■ Exercise: Return only the lines of the listing below that run from the line with "Front & Wilson Sb to Hebron map" through the line with "Transform X Robot", both ends included, exactly as written.

====== Dataset records

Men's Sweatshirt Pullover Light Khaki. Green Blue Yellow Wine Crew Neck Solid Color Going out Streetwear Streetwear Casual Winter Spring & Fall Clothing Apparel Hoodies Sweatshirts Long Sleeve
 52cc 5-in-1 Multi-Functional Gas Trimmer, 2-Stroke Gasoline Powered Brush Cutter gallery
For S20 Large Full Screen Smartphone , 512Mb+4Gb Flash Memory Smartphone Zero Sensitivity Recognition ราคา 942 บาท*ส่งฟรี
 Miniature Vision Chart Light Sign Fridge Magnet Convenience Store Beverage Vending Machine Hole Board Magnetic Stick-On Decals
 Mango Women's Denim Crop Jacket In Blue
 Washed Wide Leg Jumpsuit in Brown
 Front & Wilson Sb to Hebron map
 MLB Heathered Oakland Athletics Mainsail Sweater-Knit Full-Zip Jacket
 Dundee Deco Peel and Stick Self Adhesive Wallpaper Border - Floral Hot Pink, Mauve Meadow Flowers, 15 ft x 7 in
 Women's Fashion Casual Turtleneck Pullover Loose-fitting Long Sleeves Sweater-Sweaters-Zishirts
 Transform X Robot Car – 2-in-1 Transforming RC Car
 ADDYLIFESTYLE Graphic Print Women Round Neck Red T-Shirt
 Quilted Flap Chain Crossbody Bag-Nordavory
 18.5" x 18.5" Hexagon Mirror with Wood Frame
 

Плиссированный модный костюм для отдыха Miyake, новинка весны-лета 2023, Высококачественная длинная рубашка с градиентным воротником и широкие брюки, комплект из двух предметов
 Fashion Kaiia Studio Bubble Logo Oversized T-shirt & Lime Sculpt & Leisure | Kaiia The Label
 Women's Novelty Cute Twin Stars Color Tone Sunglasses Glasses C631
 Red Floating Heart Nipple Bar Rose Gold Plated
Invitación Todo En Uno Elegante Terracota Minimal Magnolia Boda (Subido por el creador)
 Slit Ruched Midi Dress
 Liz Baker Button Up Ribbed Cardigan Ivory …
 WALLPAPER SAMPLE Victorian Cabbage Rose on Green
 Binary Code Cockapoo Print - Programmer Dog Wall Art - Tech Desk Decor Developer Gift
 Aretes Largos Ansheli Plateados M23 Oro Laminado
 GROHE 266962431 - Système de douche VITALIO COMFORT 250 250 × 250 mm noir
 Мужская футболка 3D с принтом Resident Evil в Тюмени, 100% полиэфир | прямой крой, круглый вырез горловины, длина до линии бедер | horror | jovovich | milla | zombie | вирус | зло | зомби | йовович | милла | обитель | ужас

============

■ Result of this exercise:
 Front & Wilson Sb to Hebron map
 MLB Heathered Oakland Athletics Mainsail Sweater-Knit Full-Zip Jacket
 Dundee Deco Peel and Stick Self Adhesive Wallpaper Border - Floral Hot Pink, Mauve Meadow Flowers, 15 ft x 7 in
 Women's Fashion Casual Turtleneck Pullover Loose-fitting Long Sleeves Sweater-Sweaters-Zishirts
 Transform X Robot Car – 2-in-1 Transforming RC Car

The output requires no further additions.